Image-text web data:
● ● ● ● ●

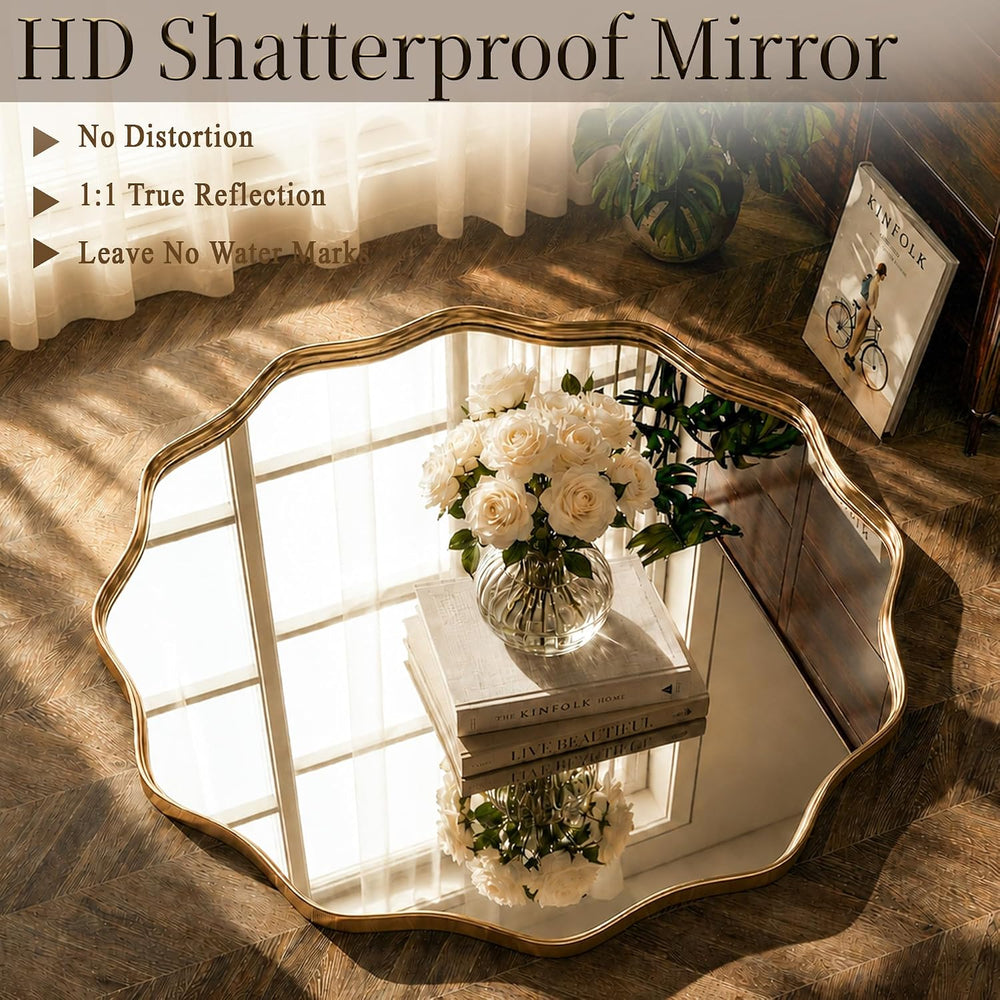VooBang Gold Scalloped Circle Mirror, 30" Wavy Edge Round Wall Mirror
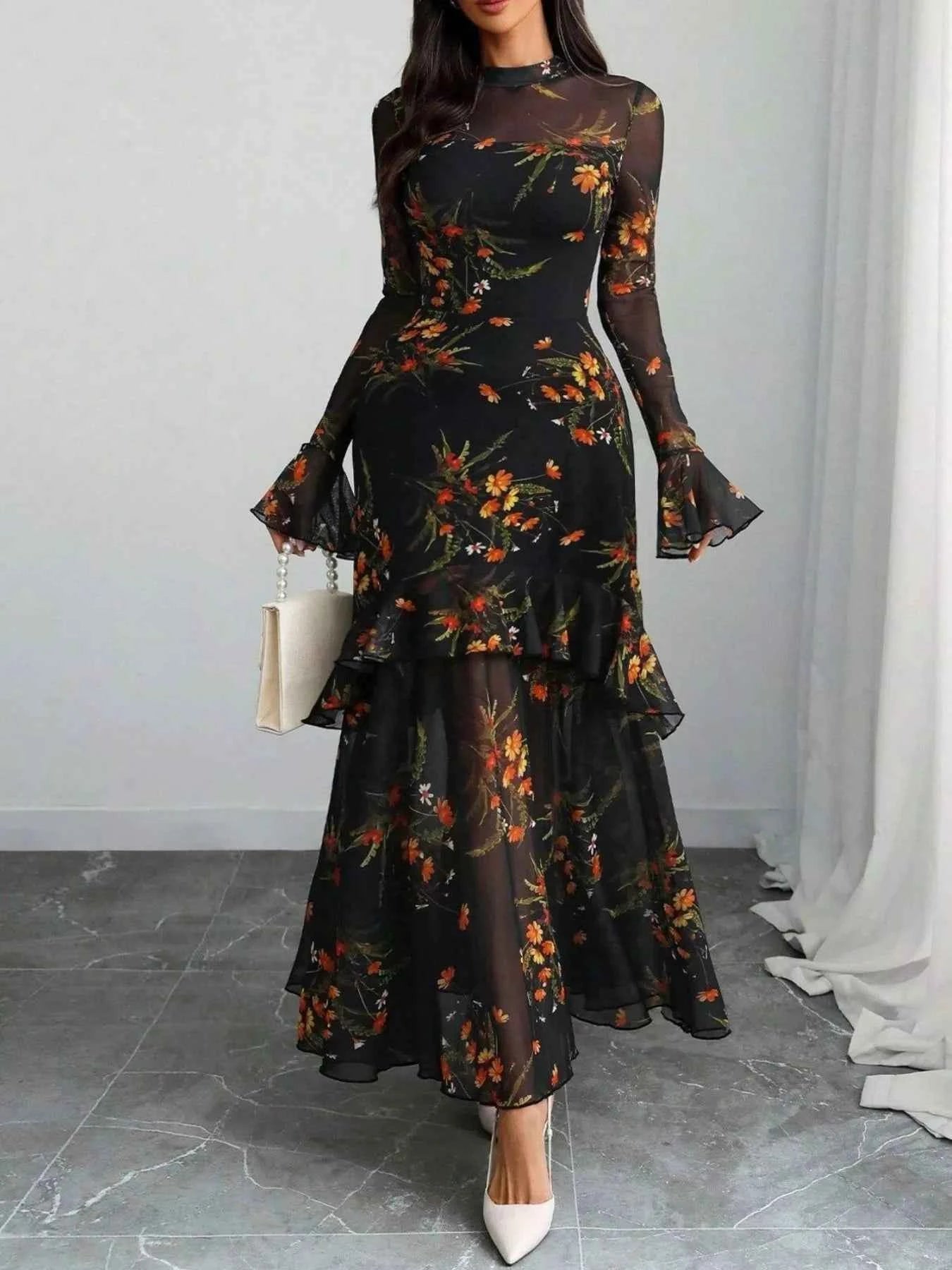 Floral flounce sleeve mermaid maxi dress — additional view 4
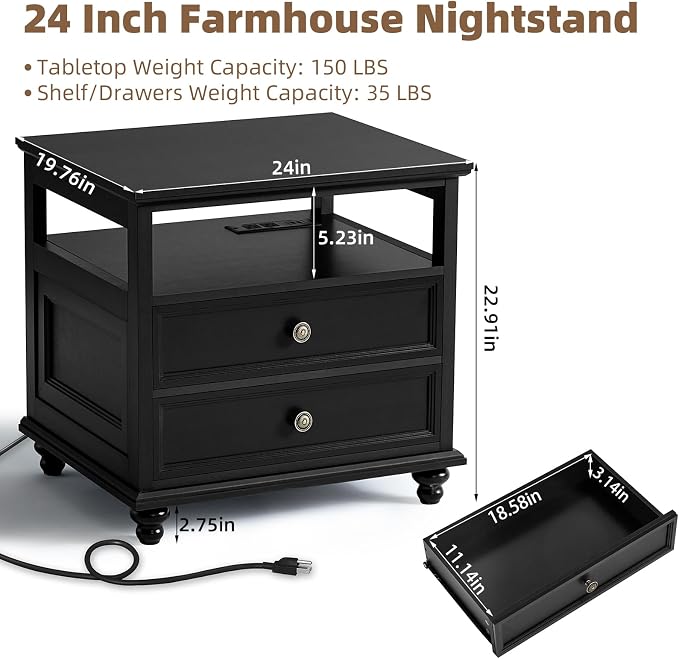 Joaxswe Farmhouse Nightstand with Charging Station, 24" Wide End Table with 2 Drawers, Black Dresser for Bedroom, Bed Side Table Chest of Drawers Cabinet,Wood Night Stand for Living Room, Closet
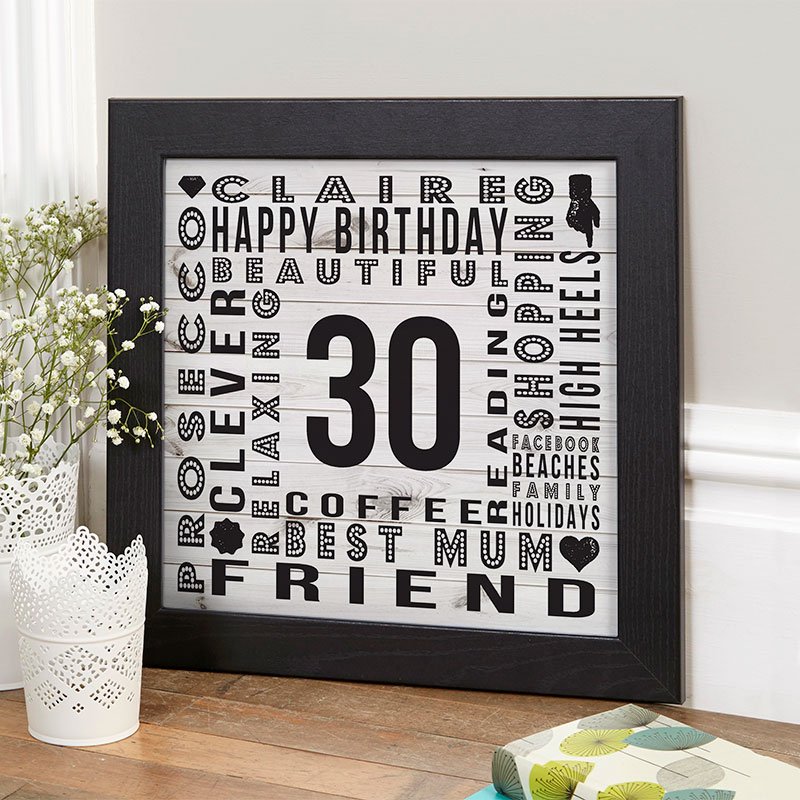 unique 30th birthday gift for her personalised word picture year of birth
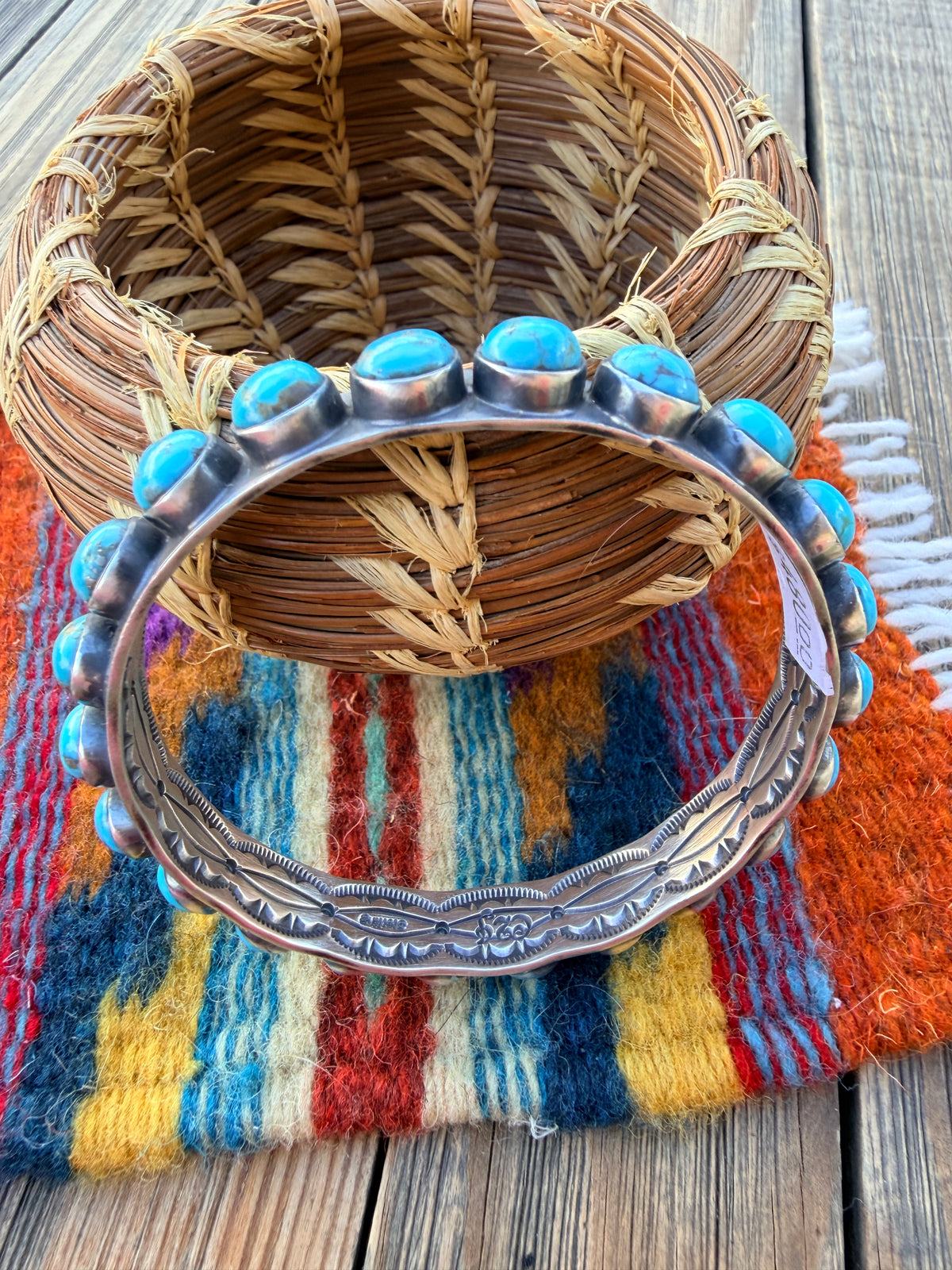 Handcrafted Turquoise & Sterling Silver Bangle Bracelet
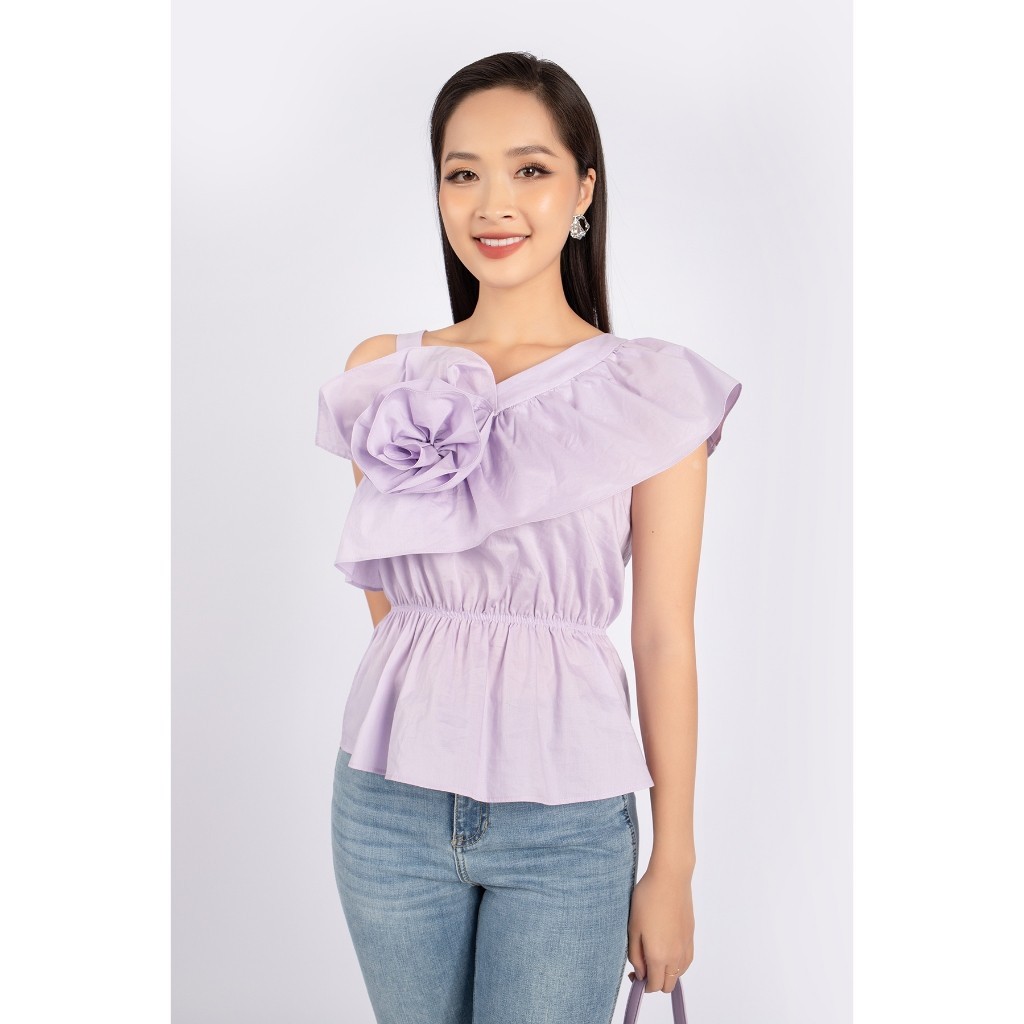 FAK31212 - Áo kiểu dạo phố vải thô dáng peplum eo bo chun vai lệch phối bèo tạo nơ 3D - PANTIO | BigBuy360 - bigbuy360.vn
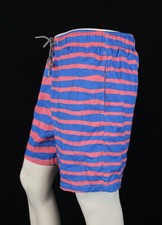 Boardies Pink  Blue Striped Mesh Lined Swim Trunks/Bathing Suit Shorts, Mens XL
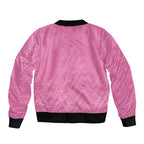 New Zealand Ta Moko Silver Fern Pink Bomber Jacket Taniko Taniwha Motifs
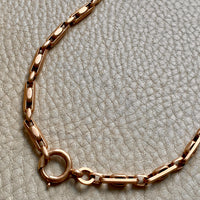 Antique Chunky Watch Chain in Rose Gold 14k - 17.3 inch length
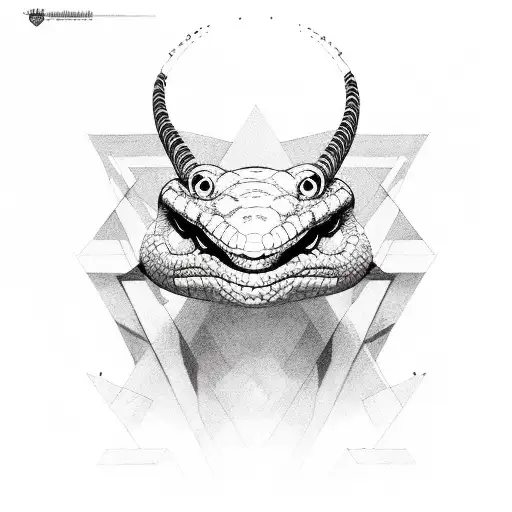  on the  background ornatemt with snake and m tattoo design idea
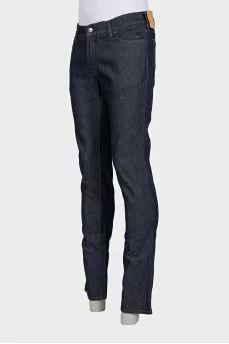 Men's dark blue straight fit jeans with tag
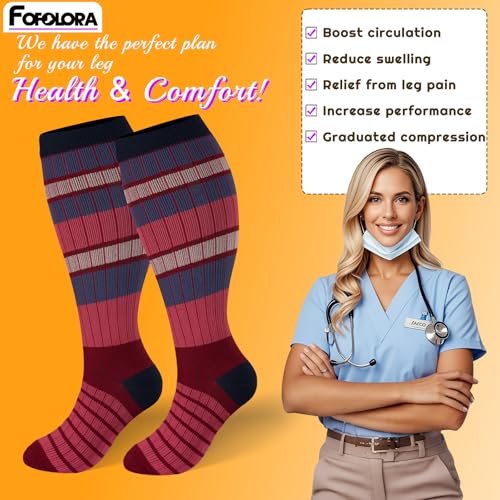 Image of Plus Size Compression Socks for Women & Men 4 Pairs, Wide Calf Extra Large 20-30 mmHg Knee High Support Socks for Travel, Running, Nurse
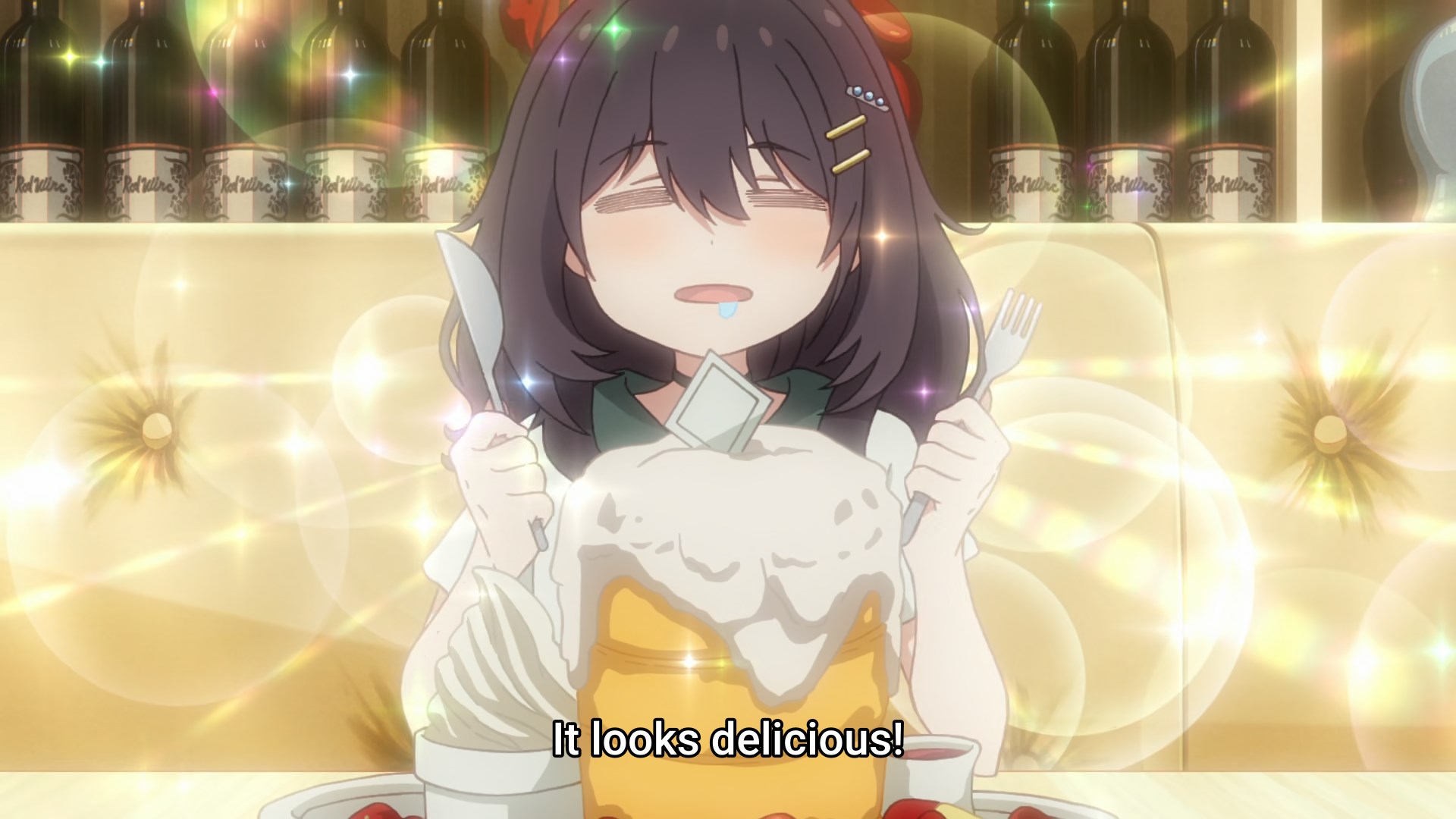 An anime girl, knife and fork in hand, drooling as she looks down at a stack of fluffy pancakes as big as her head, covered in cream and with an ice cream cone on the side, saying it looks delicious.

● ● ● ● ●

§ **What to do**: Reproduce word for word the lines from the one containing "Men's dark blue straight fit jeans with tag" through the end of the data, both ends kept. Drop the pictures.

§ **Response to this task**:
 Men's dark blue straight fit jeans with tag
 Image of Plus Size Compression Socks for Women & Men 4 Pairs, Wide Calf Extra Large 20-30 mmHg Knee High Support Socks for Travel, Running, Nurse
 An anime girl, knife and fork in hand, drooling as she looks down at a stack of fluffy pancakes as big as her head, covered in cream and with an ice cream cone on the side, saying it looks delicious.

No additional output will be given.